• [SUPPLIED RECORDS]:
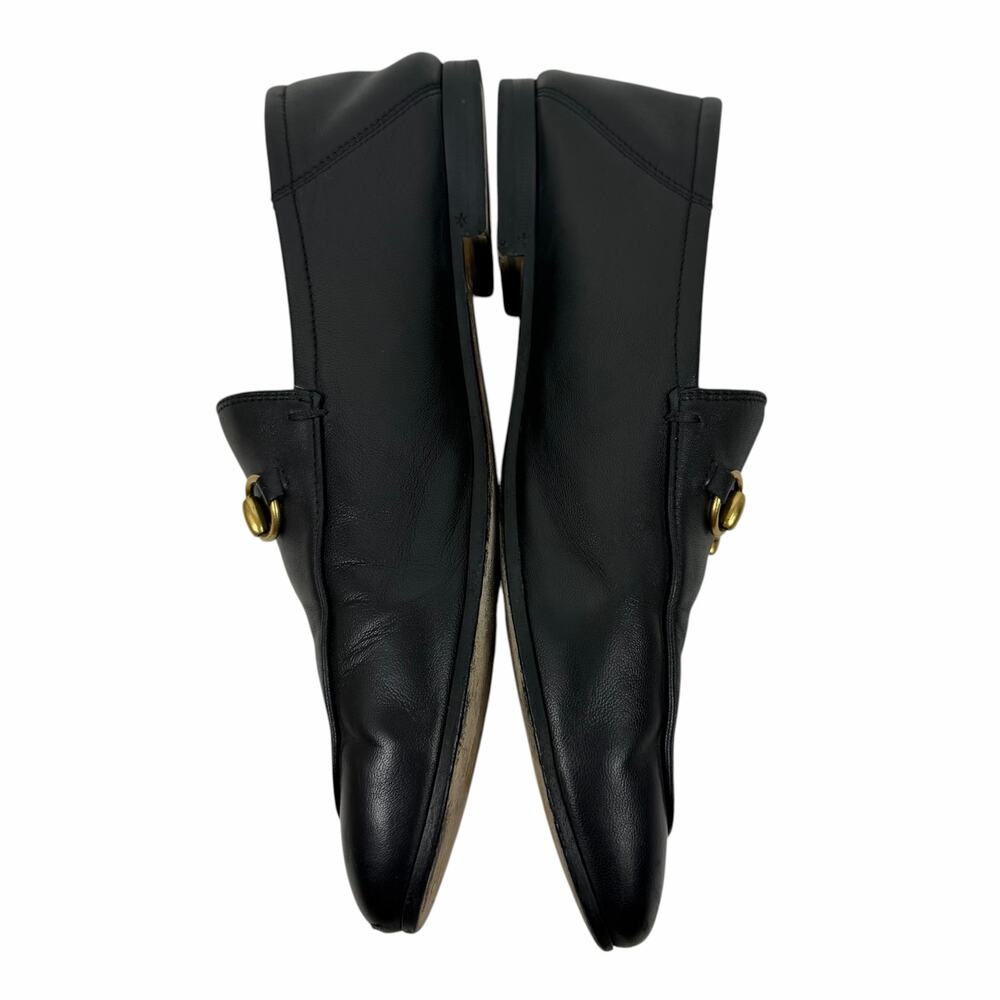 Gucci Brixton Leather Horsebit Loafers Mules Slide Black Size 40 - Picture 9 of 15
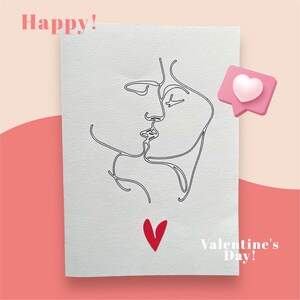 Carte de voeux Le Baiser, Saint Valentin, Amour, Love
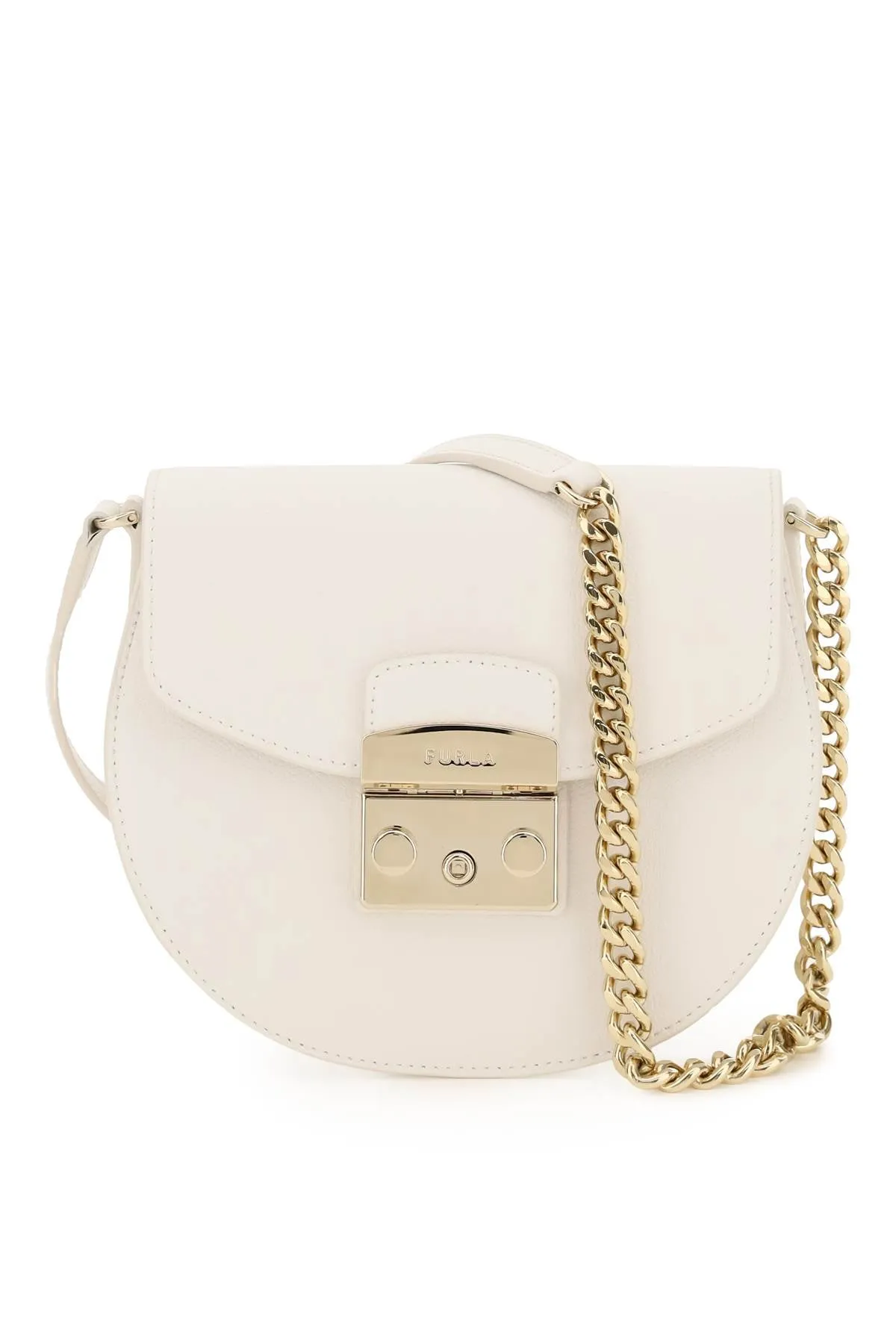 Furla Metropolis Logo Engraved Mini Crossbody Bag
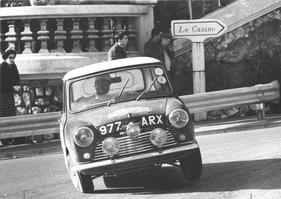 Rallye Monte Carlo 1963 - Aaltonen auf dem Mini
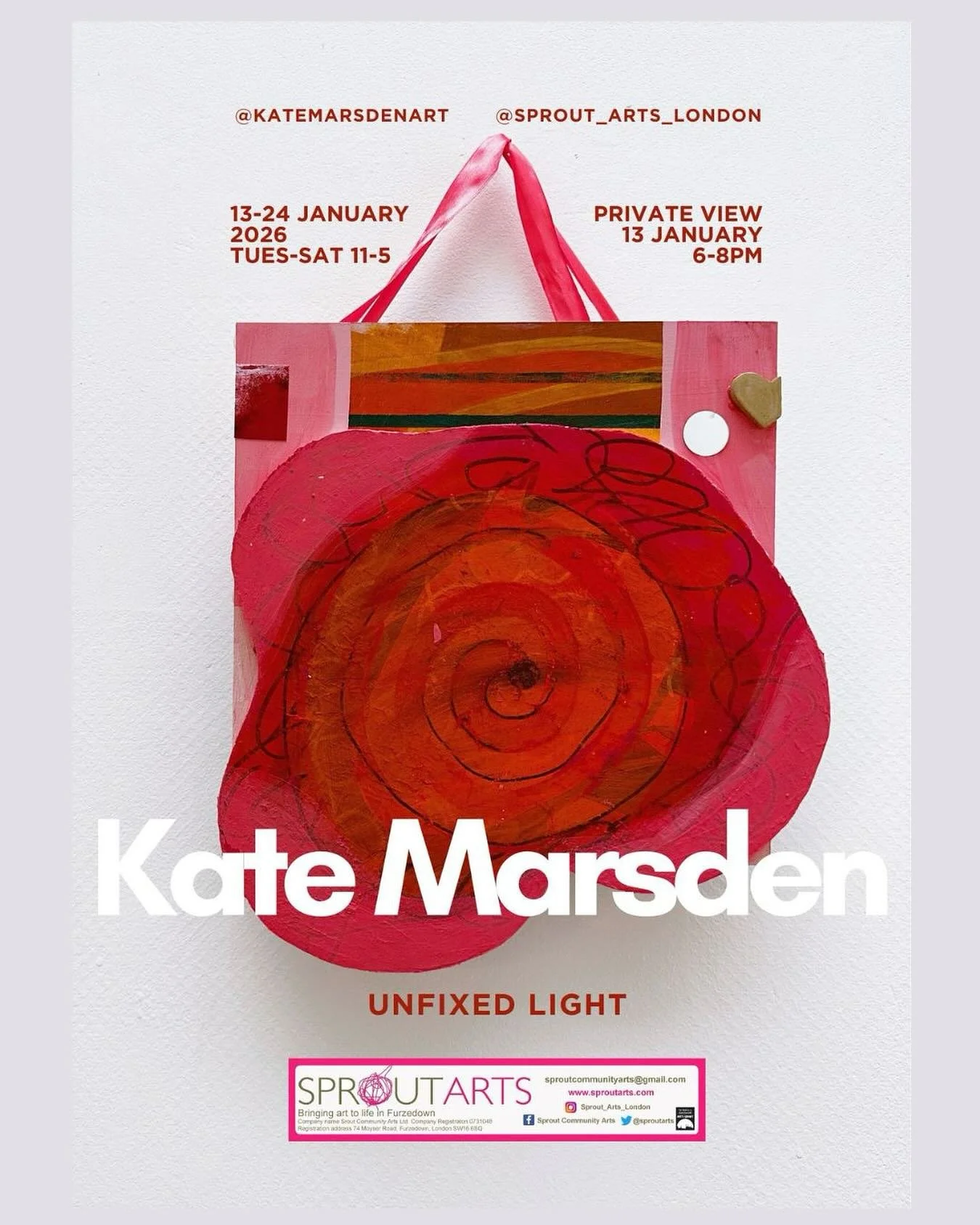 Next month! I&rsquo;ll be back @sprout_arts_london with a new show! Pop 13 January in your diaries for the PV - there will be plenty of Dry January options as well as wine so no excuses!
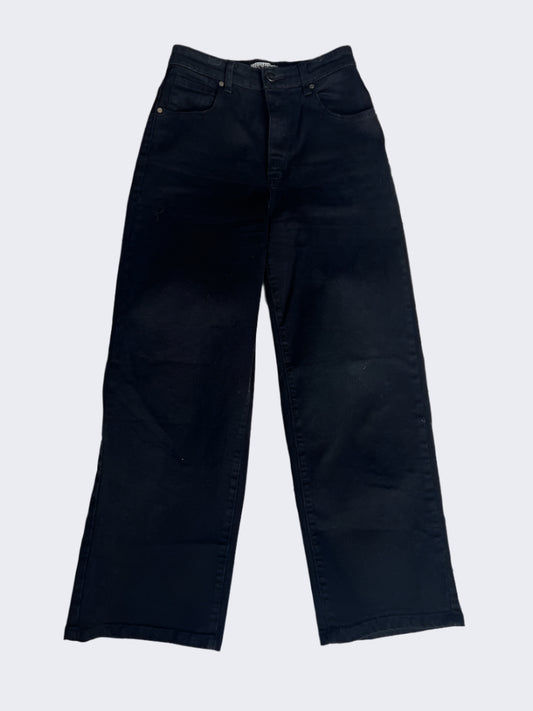 Wakee Black Wide Leg Jean, 8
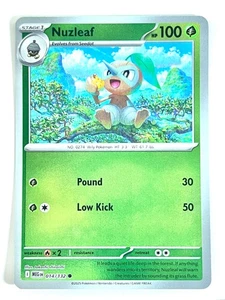 Nuzleaf 014/132 Reverse Holo Common Mega Evolution - Pokemon TCG - Near Mint NM - Picture 1 of 4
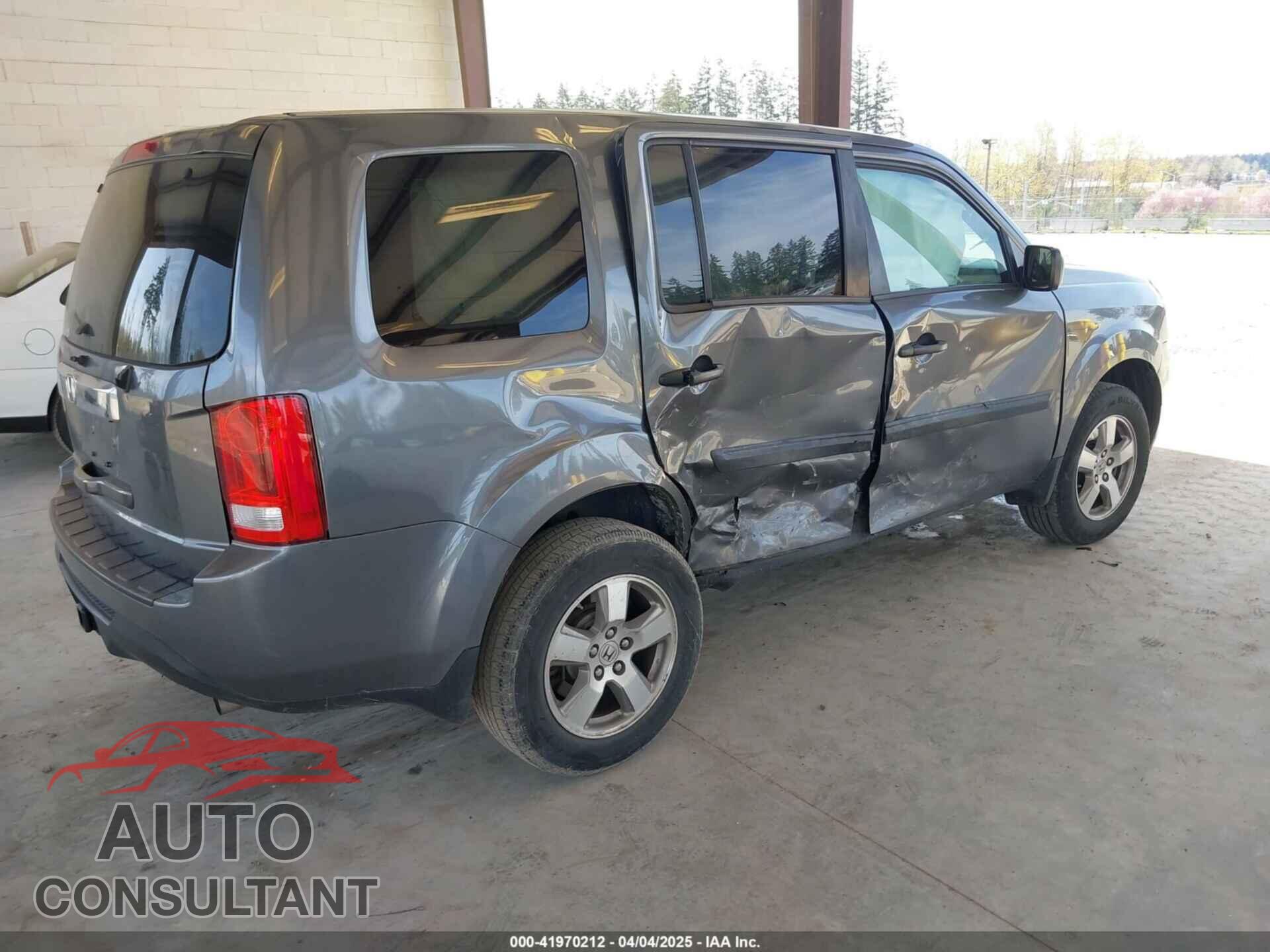 HONDA PILOT 2012 - 5FNYF3H23CB005207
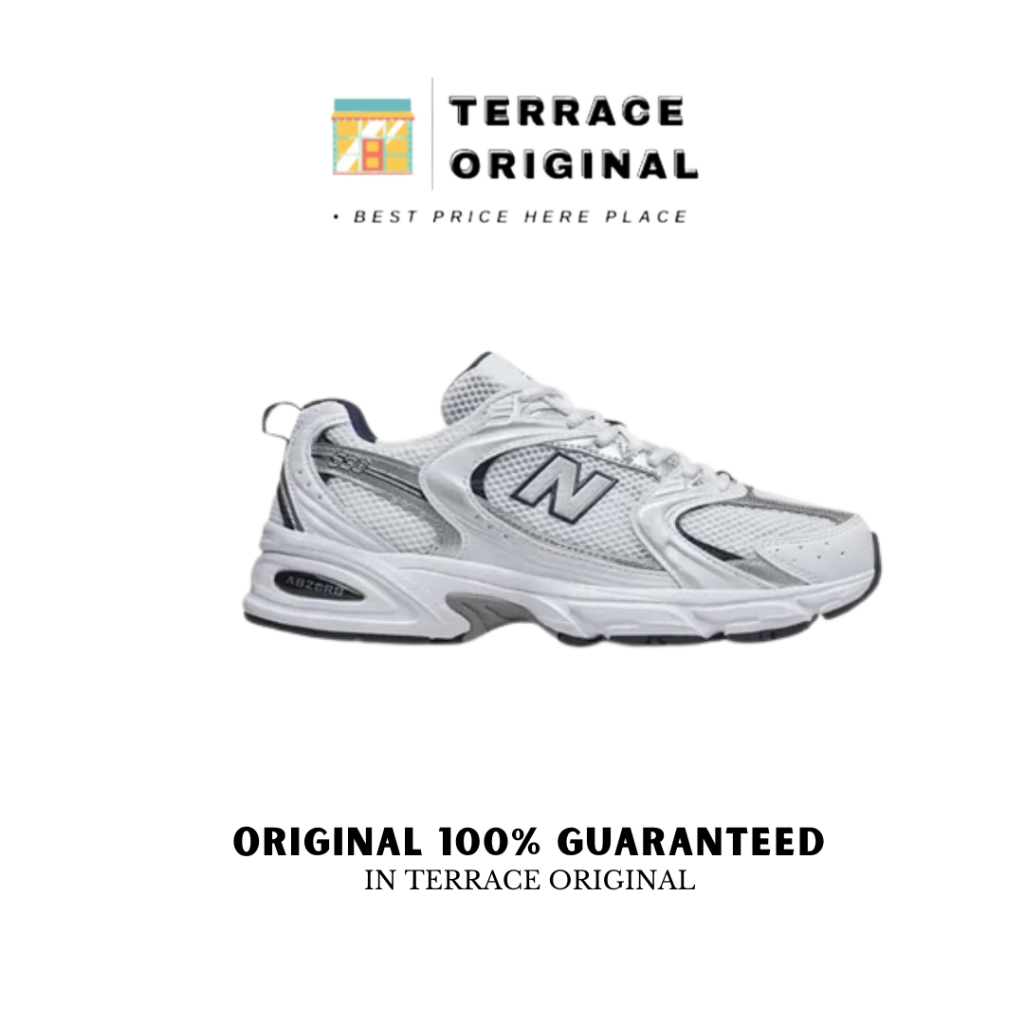 Sepatu Nb 530 White Indigo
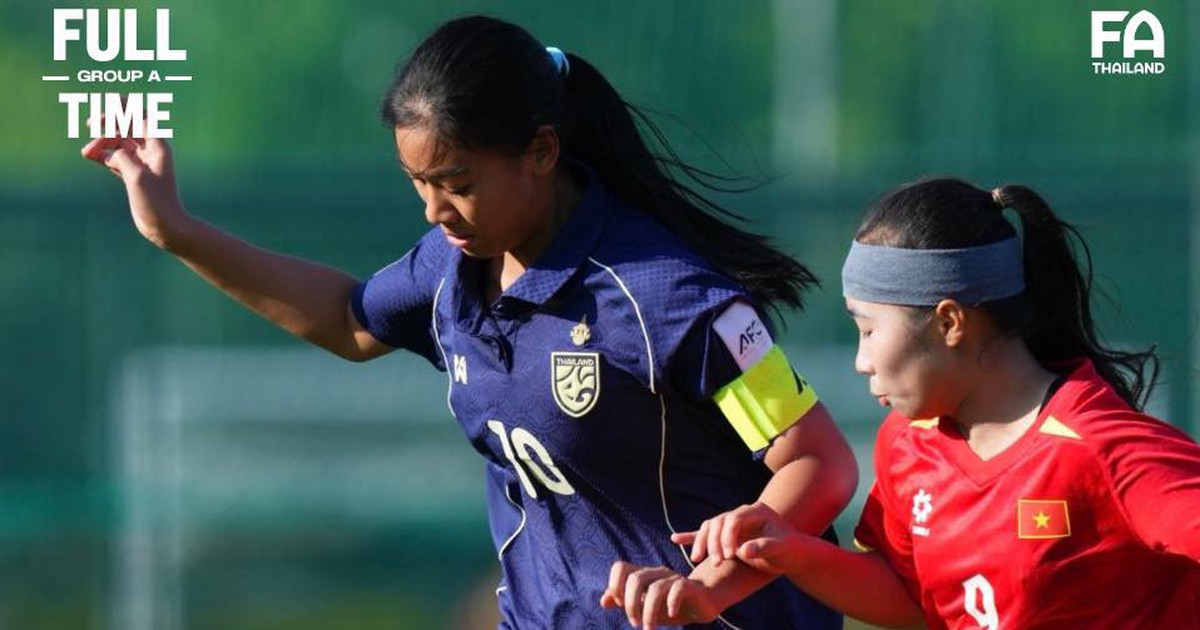 U.17 nữ Việt Nam hòa nghẹt thở U.17 nữ Thái Lan ở giải châu Á: Đấu Trung Quốc ngày nào?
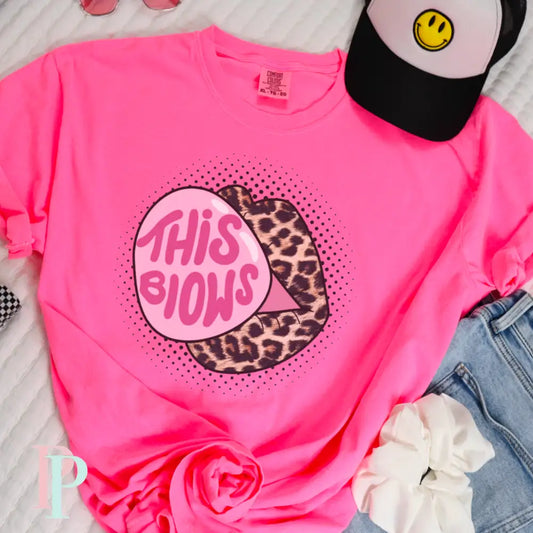This Blows Comfort Color Graphic Tee
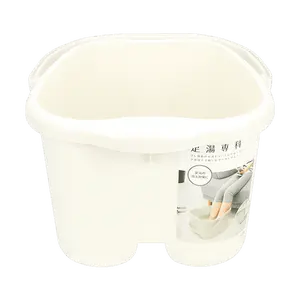 INOMATA Foot Soak Massage Bucket - Japanese Spa Bath, Textured Base for Relaxation, Home Pedicure Essential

• [PROBLEM TO SOLVE]:
You need to restate all of the entries above exactly and leave the pictures behind.

• [YOUR RESPONSE]:
 Gucci Brixton Leather Horsebit Loafers Mules Slide Black Size 40 - Picture 9 of 15
 Carte de voeux Le Baiser, Saint Valentin, Amour, Love
 Furla Metropolis Logo Engraved Mini Crossbody Bag
 Rallye Monte Carlo 1963 - Aaltonen auf dem Mini
 Next month! I&rsquo;ll be back @sprout_arts_london with a new show! Pop 13 January in your diaries for the PV - there will be plenty of Dry January options as well as wine so no excuses!
 Wakee Black Wide Leg Jean, 8
 Nuzleaf 014/132 Reverse Holo Common Mega Evolution - Pokemon TCG - Near Mint NM - Picture 1 of 4
 HONDA PILOT 2012 - 5FNYF3H23CB005207
 Sepatu Nb 530 White Indigo
 U.17 nữ Việt Nam hòa nghẹt thở U.17 nữ Thái Lan ở giải châu Á: Đấu Trung Quốc ngày nào?
This Blows Comfort Color Graphic Tee
 INOMATA Foot Soak Massage Bucket - Japanese Spa Bath, Textured Base for Relaxation, Home Pedicure Essential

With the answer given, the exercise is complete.